The defendant contends that this subsection of the ordinance is unconstitutional under both the Federal and Pennsylvania Constitutions. The defendant asserts two theories. First, the ordinance violates the freedom of expression provisions of both constitutions. Second, the ordinance is unconstitutionally vague. Furthermore, the defendant claims that the dancing which is performed in his club is not lewd, immoral or improper. The parties have stipulated that nude dancing does occur in the defendant’s place of business; however, it is agreed that there is no evidence of dancers fraternizing with the customers, no solicitation, no fondling, no use of any objects for sexual enhancement and no improper movements by the dancers such as gyrations or attempts to simulate sexual acts. The only individuals who observe the dancing are adults who consent to it by entering and paying a cover charge.

The first issue is whether the ordinance violates the First and 14th Amendments of the Federal Constitution. Nude dancing is expressive conduct within the First Amendment. Barnes v. Glenn Theater Inc., 111 S.Ct. 2456, 2460 (1991). This, however, does not mean the activity cannot be regulated. First Amendment freedoms are not absolute. To determine the level of First Amendment protection afforded to the expressive conduct at issue, the standards set forth in United States v. O’Brien, 391 U.S. 367, 88 S.Ct. 1673 (1968), are applied.

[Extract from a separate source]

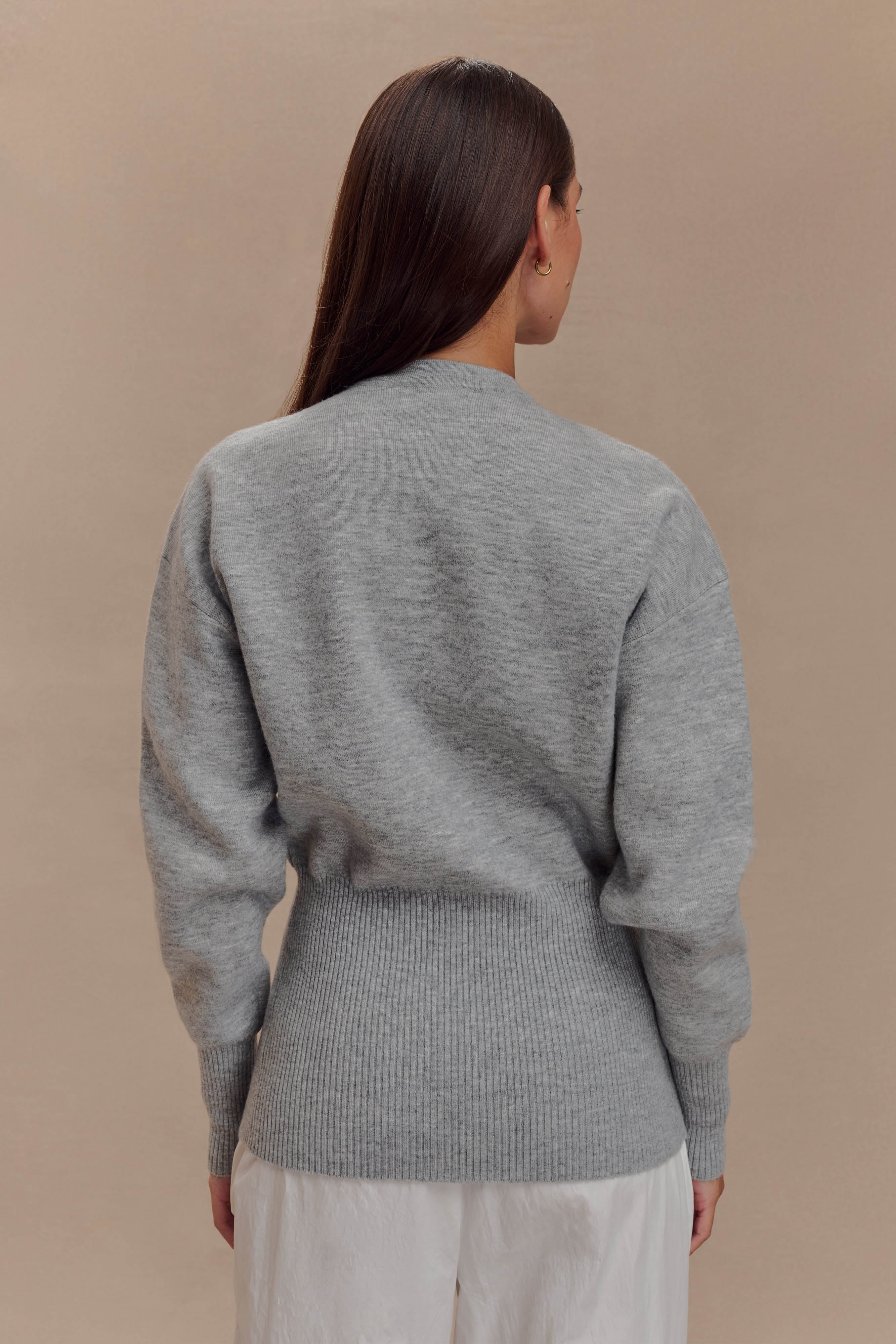 Levauro Alexia Düğmeli Oversize Hırka - Gri Marle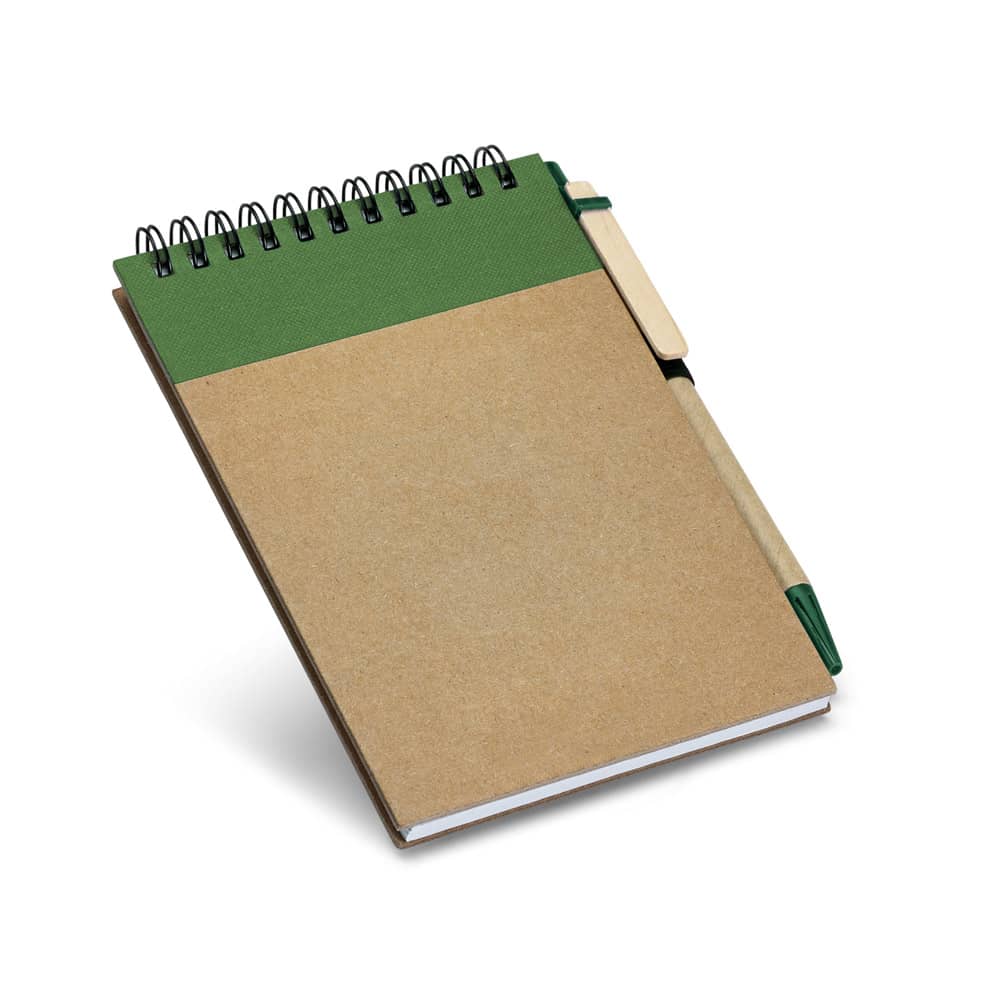 Caderno de bolso espiral de capa dura, com páginas lisas recicladas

The O’Brien test has four components: first, the government regulation must be within the constitutional power of the government; second, the regulation must further an important or substantial government interest; third, the government interest must be unrelated to the suppression of free expression; and finally, incidental re*476strictions on First Amendment freedoms must be no greater than essential to the furtherance of the government interest.

The first two prongs of the O’Brien test are clearly met. Loyalsock Township has the power to “regulate ... the conduct of places of public entertainment, amusement and recreation” and to enact ordinances promoting public health, welfare and safety of the community. 53 P.S. §65733.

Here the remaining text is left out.